Many Cubans rely on dollar remittances from relatives in the US
Dollars were made legal tender in 1993 following an economic crisis sparked by the collapse of the Soviet Union.
But dollars will no longer be accepted in shops and other businesses, and tourists and Cubans exchanging dollars will have to pay a 10% commission.
Cuban leader Fidel Castro appeared on TV to endorse the measure, despite suffering a bad fall last Wednesday.
"The empire is determined to create more difficulties for us," he said, referring to the US.
In May, the US announced it was tightening its embargo on Cuba, with measures including capping the remittances sent to the island by Cubans in the US.
In response, said the Cuban central bank in a statement, dollars would no longer be accepted in shops and businesses.
They will have to be exchanged for "convertible pesos" - a local currency that can be used in special shops on the island but has no value internationally - for a 10% charge.

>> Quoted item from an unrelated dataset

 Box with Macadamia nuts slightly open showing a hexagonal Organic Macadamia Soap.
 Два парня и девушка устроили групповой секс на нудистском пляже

Following the economic crash of the 1990s, and the legalisation of the dollar, many Cubans have become dependant on dollars for many goods, including some basic necessities.

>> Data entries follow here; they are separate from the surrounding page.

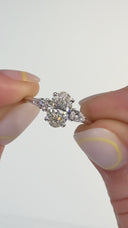1.30 Carat Oval With Pear Shape Side Stones Diamond Engagement Ring In 14k White Gold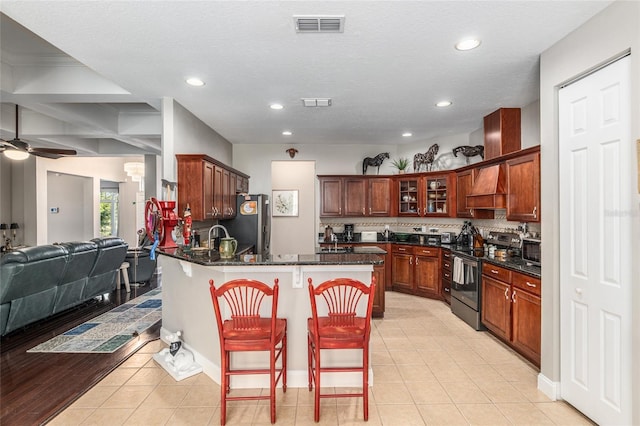 kitchen featuring appliances with stainless steel finishes, a kitchen bar, ceiling fan, dark stone countertops, and light tile patterned floors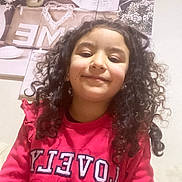 Raissa a rejoint le concours — aidez-le/la à gagner de superbes lots ! casual_clothing, child, cozy, curly_hair, decor, face, flowers, girl, happy, home, indoor, person, pink_sweatshirt, portrait, relaxed, selfie, sitting, smiling, wall_art, young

The Cuban government closed down so-called dollar stores in immediate response to the US measures in May, but most reopened two weeks later.
Mr Castro said the measure did not signal the outlawing of the dollar. Cubans will still be allowed to hold an unlimited amount of dollars, and they will be able to exchange them without charge until the new law comes into effect in two weeks.

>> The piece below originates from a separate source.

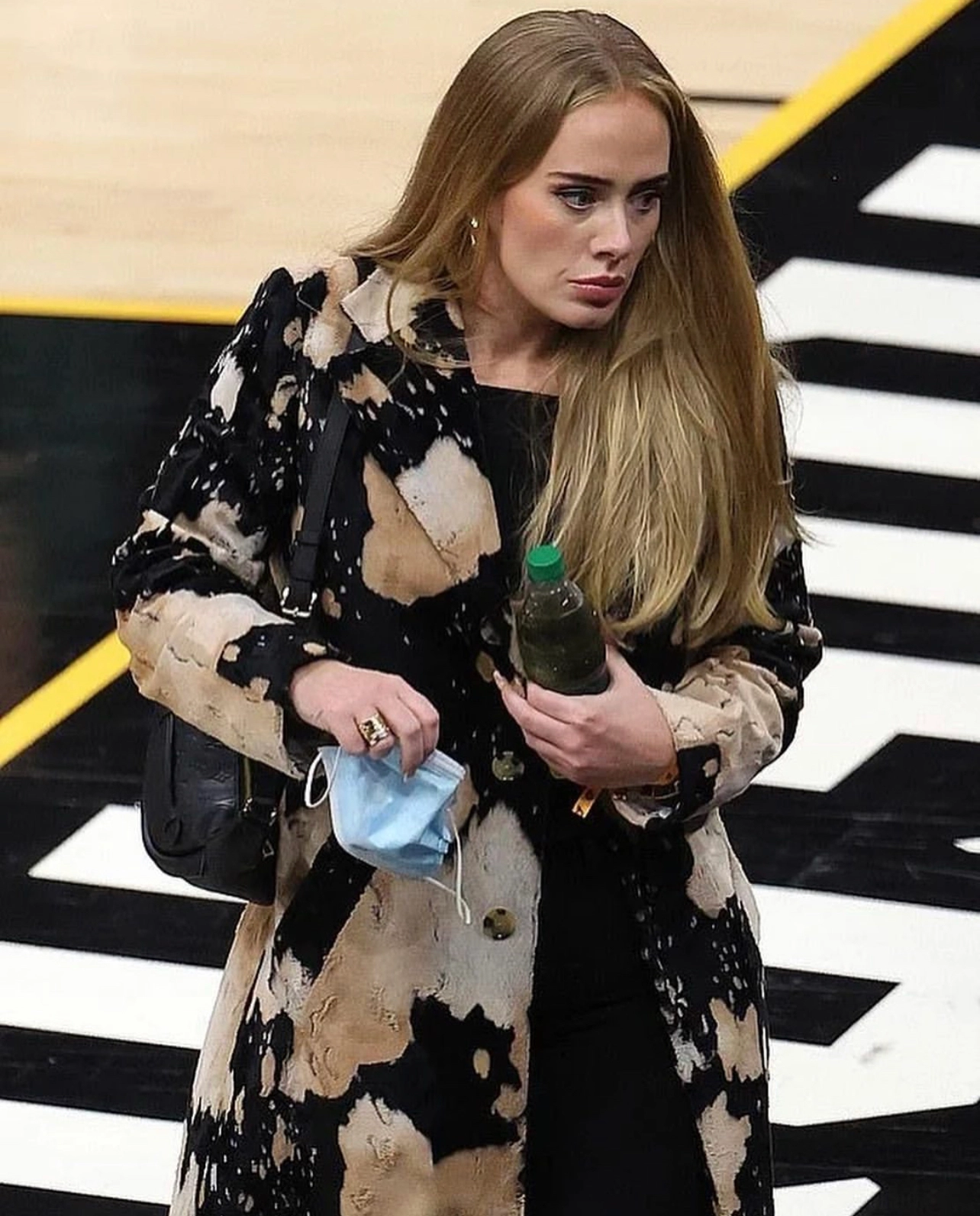 Adele with cow print coat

But it will mean an additional burden on Cubans abroad who send remittances in dollars - pumping up to $1bn into the Cuban economy each year.
In his message, Mr Castro urged Cubans to tell relatives to send money in other currencies, such as euros, British pounds or Swiss francs.
Our correspondent in Havana, Stephen Gibbs, says this measure will enable it to receive and control far more of the hundreds of millions of dollars that tourists and Cubans living abroad bring or send here every year.
It was Mr Castro's first public appearance since last Wednesday's fall, when he fractured his knee and right arm.
Mr Castro, sporting a royal blue sling, joked about the fall in his TV appearance to back the new measure.
"I recommend you all take care descending the stairs," he said at the end of the broadcast.